Well, there is a simple question. What does losing weight mean to you?

You weigh less? Perhaps.

You look thinner. Indeed.

You feel more confident. yes.

You are more healthy. Fo’ sho.

Your wellbeing increases. That’s unexpected!

As you can see from those points losing weight can mean, feel and look very different depending on your perspective.

I’ll start with the obvious first. Losing weight means losing ounces, Ibs, or kg's. For measuring this, the sad step, as I’ve heard it called or rather bathroom scales are used. They are a good indicator that something is going on, that perhaps diet or exercise is having an effect.

Do the numbers fluctuate for you? They do for me, depending on the day, time, meal the night before, amount of sleep etc. that’s why it’s the sad step, it’s often a more painful and disheartening experience than a good one, even when you are dialling in your food, exercising and sleeping.

Why does it vary so much? ‘Weight’ doesn’t give you a complete picture, the only input is your mass and there’s more going on here.

For me weight loss a term that doesn’t focus the endeavour. What we really want is ‘fat loss’, because weight is irrelevant in general (unless you are boxer making weight). There are many people who lose weight, but also lose muscle and water, they become what we pleasantly call ‘skinny fat’.

Well defined muscle mass in women is generally sneered at by the media. Take a look at magazines, catwalks and general health advice. There are plenty of slim role models but not many ‘strong’ women. This changes every 4 years with the Olympics and you see a different body alternative, which is welcome but seen as unattainable.

The athletic build in both sexes is so good because muscle is more desirable that fat but also makes maintaining body composition easier. Muscles mass drives a strong metabolism, regulates body fat, helps the health of your bones and joints and makes you more physically capable and finally slowing down the ageing process in both metabolic and physical function.

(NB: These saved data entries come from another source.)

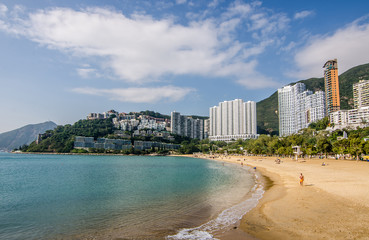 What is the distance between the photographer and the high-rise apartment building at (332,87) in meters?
114

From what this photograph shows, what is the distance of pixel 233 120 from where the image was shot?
6870 inches

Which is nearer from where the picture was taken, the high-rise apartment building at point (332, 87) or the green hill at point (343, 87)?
the high-rise apartment building at point (332, 87)

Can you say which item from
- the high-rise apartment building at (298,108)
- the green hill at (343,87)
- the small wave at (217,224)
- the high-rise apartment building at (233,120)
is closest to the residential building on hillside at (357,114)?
the high-rise apartment building at (298,108)

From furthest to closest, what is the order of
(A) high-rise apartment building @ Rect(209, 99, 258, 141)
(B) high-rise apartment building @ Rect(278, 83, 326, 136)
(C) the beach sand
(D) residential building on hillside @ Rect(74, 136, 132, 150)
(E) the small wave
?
(A) high-rise apartment building @ Rect(209, 99, 258, 141) < (D) residential building on hillside @ Rect(74, 136, 132, 150) < (B) high-rise apartment building @ Rect(278, 83, 326, 136) < (E) the small wave < (C) the beach sand

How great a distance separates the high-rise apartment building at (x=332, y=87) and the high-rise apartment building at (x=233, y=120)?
52.3m

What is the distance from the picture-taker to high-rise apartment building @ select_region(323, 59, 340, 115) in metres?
114

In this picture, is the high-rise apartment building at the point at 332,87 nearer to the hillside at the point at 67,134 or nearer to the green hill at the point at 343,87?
the green hill at the point at 343,87

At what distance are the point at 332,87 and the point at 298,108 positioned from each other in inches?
987

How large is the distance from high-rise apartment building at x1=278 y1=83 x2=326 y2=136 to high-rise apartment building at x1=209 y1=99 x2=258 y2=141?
21396mm

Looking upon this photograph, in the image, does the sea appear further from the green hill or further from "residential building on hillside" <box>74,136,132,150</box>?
the green hill

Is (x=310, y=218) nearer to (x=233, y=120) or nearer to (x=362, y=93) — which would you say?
(x=362, y=93)

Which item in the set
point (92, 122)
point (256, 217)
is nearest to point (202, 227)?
point (256, 217)

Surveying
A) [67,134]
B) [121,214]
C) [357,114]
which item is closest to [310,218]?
[121,214]

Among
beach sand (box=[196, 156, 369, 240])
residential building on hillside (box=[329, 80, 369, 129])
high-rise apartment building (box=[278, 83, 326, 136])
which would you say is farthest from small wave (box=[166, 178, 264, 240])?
high-rise apartment building (box=[278, 83, 326, 136]) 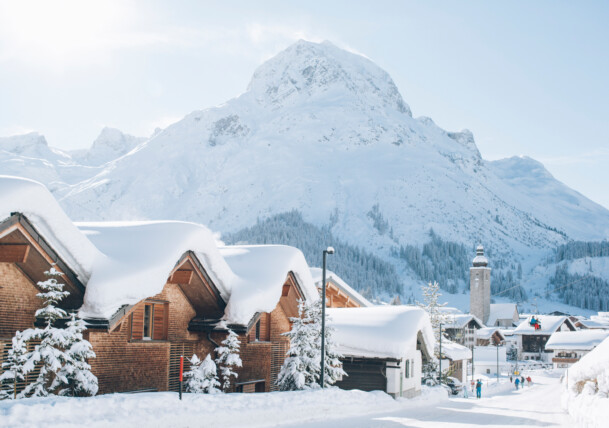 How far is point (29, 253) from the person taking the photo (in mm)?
14562

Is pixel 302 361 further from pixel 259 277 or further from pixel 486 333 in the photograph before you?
pixel 486 333

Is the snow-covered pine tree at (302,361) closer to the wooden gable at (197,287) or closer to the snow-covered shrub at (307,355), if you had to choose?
the snow-covered shrub at (307,355)

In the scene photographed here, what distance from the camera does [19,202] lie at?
44.3 feet

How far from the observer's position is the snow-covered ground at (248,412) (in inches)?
468

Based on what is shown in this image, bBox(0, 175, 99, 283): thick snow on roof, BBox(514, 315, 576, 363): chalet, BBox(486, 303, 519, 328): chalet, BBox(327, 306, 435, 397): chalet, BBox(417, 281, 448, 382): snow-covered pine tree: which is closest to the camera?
BBox(0, 175, 99, 283): thick snow on roof

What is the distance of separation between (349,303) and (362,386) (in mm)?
15928

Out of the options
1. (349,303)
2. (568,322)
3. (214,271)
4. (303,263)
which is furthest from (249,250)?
(568,322)

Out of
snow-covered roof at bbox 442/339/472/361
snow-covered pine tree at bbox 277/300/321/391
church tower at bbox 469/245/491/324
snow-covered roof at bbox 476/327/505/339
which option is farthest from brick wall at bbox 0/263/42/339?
church tower at bbox 469/245/491/324

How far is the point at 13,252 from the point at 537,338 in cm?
11548

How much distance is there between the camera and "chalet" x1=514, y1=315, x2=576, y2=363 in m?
115

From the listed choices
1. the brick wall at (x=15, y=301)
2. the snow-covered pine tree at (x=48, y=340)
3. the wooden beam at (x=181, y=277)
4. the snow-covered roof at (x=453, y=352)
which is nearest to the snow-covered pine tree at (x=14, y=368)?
the snow-covered pine tree at (x=48, y=340)

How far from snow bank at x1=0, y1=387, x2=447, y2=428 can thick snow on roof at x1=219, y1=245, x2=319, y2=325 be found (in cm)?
322

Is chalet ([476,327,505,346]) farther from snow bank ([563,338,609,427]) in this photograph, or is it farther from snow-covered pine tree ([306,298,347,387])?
snow-covered pine tree ([306,298,347,387])

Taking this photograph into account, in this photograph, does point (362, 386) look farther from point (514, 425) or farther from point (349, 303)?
point (349, 303) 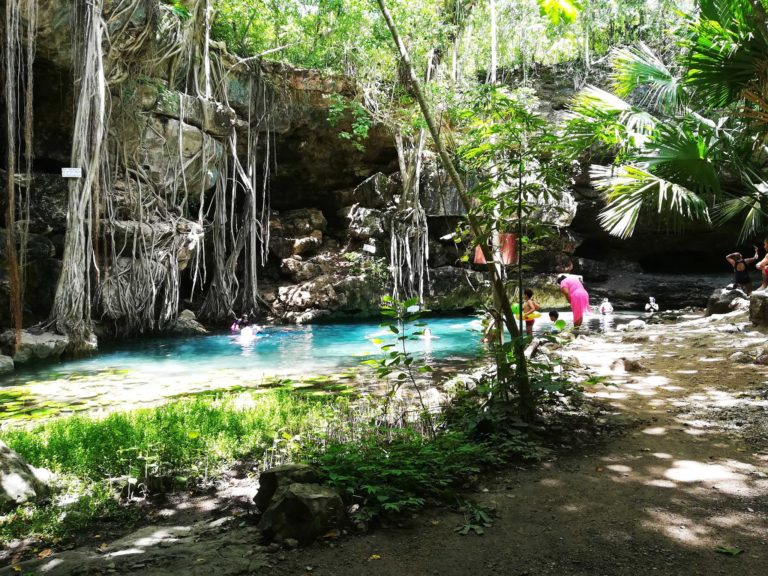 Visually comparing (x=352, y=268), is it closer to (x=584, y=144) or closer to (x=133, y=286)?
(x=133, y=286)

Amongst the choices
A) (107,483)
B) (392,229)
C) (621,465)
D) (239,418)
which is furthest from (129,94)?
(621,465)

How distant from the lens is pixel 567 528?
2.12 meters

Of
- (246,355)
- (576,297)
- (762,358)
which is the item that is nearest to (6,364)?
(246,355)

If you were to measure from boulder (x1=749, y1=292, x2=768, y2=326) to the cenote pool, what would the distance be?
3653 millimetres

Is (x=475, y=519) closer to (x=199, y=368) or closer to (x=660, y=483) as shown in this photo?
(x=660, y=483)

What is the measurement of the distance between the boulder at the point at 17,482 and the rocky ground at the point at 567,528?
0.63m

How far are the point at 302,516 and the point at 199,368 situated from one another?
6167 millimetres

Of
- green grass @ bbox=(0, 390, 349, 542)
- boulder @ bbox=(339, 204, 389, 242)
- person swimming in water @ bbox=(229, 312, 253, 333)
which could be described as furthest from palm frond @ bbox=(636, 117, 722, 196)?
boulder @ bbox=(339, 204, 389, 242)

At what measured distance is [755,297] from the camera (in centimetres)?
708

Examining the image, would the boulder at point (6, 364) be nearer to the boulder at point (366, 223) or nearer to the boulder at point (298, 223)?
the boulder at point (298, 223)

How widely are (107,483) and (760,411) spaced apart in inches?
158

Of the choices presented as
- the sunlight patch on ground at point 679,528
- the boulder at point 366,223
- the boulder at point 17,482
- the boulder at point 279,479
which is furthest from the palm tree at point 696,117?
the boulder at point 366,223

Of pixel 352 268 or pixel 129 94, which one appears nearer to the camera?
pixel 129 94

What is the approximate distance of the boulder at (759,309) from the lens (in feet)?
22.6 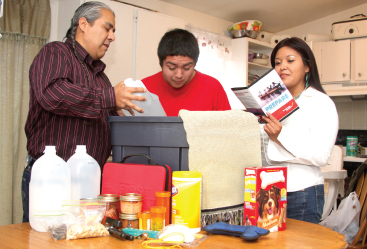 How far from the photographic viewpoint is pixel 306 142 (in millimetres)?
1124

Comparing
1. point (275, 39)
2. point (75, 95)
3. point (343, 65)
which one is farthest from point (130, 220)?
point (275, 39)

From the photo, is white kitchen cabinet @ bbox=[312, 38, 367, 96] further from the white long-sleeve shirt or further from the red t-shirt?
the white long-sleeve shirt

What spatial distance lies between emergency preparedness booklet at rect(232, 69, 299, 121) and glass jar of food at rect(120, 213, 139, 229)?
47 cm

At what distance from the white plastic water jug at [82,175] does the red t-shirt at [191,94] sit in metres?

What’s the point of being skinny if you develop osteoporosis, can’t lift your kids, support yourself or feel terrible all the time?

Here’s a point worth noting. As you lose fat during exercise and good nutrition you may stay the same weight or get heavier! You are building lean muscle, and muscle is heavier, but will develop a curvy feminine look for women and a strong athletic build for men. Let's also not forget changes to bone density! Yes, strength training will develop the integrity of your bones, a great antidote to the ageing process. Greater bone density means more weight. Also without pairing diet and exercise you weight is greatly influenced by water retention (which can decrease with lower carbs in the diet). Water weight can disappear and appear very quickly so rapid weightless can be due to water loss from the muscles (1gram of Glycogen needs 4 grams of water in order to be stored in the muscles).

What is a better measure of weight loss?

  • The Tape measure - measuring your waist, thighs, hips, stomach, upper arms, chest, etc
  • Body fat Analyser - very accurate but an expensive option
  • Callipers - The best way of analysing fat yourself, but very much subject to your experience in taking measurements
  • How your clothes fit - are they looser?
  • How you feel!!! I know this is more difficult to measure and not really guided by metrics. I recommend before you undertake any wellness programme you take 5 mins to think about how your feel.

We are so influenced to external validation and externally imposed ‘acceptable’ weight and dress size or waist size that we are often disappointed by our achievements.

Take joy in your body, if you are doing something positive about your weight and health then you should take pride in this. Take pride by defining your goals and the results you achieve should be measured in terms of your success towards your goals. Not what a magazine says, or we see on Instagram or other social platforms.

The goals you set need to be important to you, and need to be attainable and you need to set a realistic time frame to achieve them. Working with a personal trainer or a nutritionist can be the first step to putting a system in place to achieve these aims.